Description of the task:
Reproduce exactly, and exclusively, the lines from the line containing "120 N Division" through the final line of the listing below.

Input data:
>>>

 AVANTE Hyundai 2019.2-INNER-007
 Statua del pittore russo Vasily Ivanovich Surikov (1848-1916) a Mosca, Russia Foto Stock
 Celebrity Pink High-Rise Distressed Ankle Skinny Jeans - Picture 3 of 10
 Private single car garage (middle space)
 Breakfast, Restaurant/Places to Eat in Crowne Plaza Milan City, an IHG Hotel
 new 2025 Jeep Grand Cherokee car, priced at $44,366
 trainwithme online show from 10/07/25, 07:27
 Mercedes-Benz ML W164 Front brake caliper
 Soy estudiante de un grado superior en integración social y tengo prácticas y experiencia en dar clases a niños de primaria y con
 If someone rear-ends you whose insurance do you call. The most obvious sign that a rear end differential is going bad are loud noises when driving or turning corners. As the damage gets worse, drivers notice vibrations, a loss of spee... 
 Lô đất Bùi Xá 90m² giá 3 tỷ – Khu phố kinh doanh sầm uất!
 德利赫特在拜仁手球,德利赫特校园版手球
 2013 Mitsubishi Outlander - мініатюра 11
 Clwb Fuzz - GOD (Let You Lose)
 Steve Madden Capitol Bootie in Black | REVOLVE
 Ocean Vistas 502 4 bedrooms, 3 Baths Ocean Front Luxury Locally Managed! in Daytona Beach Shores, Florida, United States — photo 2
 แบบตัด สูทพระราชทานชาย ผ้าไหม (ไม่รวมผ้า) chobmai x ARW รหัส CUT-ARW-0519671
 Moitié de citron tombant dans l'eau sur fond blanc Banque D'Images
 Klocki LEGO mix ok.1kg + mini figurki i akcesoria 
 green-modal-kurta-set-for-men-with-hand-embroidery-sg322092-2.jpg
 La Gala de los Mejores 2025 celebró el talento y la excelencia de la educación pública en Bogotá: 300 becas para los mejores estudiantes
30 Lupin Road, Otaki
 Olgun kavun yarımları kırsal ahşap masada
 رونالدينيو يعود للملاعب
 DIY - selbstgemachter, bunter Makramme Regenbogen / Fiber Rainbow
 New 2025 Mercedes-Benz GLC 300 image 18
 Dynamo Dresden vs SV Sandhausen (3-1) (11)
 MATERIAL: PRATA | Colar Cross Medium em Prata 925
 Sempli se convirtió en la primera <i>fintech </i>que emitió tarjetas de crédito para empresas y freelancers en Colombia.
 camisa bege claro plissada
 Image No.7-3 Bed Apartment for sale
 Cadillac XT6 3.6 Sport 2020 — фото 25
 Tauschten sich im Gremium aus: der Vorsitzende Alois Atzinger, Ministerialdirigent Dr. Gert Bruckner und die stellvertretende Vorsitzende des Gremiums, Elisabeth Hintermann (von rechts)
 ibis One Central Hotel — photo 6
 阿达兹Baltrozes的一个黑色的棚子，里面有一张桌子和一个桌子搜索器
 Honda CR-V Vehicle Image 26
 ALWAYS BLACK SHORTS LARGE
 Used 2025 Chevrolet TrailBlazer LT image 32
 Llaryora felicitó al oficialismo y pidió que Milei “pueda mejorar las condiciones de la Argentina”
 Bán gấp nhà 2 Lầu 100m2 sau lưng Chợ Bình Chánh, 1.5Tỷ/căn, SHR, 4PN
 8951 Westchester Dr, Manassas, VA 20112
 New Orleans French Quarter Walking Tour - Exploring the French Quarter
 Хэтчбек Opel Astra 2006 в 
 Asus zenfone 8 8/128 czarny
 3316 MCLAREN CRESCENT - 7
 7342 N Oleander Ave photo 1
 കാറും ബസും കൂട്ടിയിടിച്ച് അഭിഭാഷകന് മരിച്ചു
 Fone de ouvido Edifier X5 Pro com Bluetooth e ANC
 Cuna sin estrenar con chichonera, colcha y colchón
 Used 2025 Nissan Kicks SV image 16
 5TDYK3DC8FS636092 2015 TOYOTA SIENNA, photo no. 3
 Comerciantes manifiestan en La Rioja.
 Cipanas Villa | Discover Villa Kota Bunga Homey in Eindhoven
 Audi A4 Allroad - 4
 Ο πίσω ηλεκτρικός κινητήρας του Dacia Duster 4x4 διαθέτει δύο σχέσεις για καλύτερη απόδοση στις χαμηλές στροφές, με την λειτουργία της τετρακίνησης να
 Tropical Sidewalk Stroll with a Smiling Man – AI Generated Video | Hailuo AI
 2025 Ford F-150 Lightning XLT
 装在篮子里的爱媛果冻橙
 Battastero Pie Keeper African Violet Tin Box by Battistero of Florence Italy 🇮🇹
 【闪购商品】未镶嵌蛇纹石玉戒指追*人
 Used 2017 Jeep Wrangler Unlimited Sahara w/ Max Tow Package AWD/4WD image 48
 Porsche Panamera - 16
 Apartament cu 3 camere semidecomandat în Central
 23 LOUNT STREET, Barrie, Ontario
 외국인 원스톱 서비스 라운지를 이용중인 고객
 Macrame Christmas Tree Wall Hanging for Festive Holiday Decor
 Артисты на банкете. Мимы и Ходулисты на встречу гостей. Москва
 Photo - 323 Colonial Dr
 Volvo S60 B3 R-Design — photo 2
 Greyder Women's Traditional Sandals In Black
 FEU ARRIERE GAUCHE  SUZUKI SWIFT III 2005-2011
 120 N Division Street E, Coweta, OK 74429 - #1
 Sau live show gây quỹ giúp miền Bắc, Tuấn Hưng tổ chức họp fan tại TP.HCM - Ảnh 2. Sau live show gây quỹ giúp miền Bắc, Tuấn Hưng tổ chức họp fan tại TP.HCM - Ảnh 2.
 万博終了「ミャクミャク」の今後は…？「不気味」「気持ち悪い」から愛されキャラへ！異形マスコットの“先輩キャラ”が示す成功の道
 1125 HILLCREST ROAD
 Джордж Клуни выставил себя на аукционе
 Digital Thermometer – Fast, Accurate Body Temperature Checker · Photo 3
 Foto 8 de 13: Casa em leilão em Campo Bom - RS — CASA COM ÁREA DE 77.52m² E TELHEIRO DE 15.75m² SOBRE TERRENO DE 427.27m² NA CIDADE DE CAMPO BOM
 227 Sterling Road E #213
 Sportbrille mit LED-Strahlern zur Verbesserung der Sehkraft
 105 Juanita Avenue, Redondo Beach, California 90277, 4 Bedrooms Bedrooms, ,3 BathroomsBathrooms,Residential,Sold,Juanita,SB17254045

<<<

Answer box:
 120 N Division Street E, Coweta, OK 74429 - #1
 Sau live show gây quỹ giúp miền Bắc, Tuấn Hưng tổ chức họp fan tại TP.HCM - Ảnh 2. Sau live show gây quỹ giúp miền Bắc, Tuấn Hưng tổ chức họp fan tại TP.HCM - Ảnh 2.
 万博終了「ミャクミャク」の今後は…？「不気味」「気持ち悪い」から愛されキャラへ！異形マスコットの“先輩キャラ”が示す成功の道
 1125 HILLCREST ROAD
 Джордж Клуни выставил себя на аукционе
 Digital Thermometer – Fast, Accurate Body Temperature Checker · Photo 3
 Foto 8 de 13: Casa em leilão em Campo Bom - RS — CASA COM ÁREA DE 77.52m² E TELHEIRO DE 15.75m² SOBRE TERRENO DE 427.27m² NA CIDADE DE CAMPO BOM
 227 Sterling Road E #213
 Sportbrille mit LED-Strahlern zur Verbesserung der Sehkraft
 105 Juanita Avenue, Redondo Beach, California 90277, 4 Bedrooms Bedrooms, ,3 BathroomsBathrooms,Residential,Sold,Juanita,SB17254045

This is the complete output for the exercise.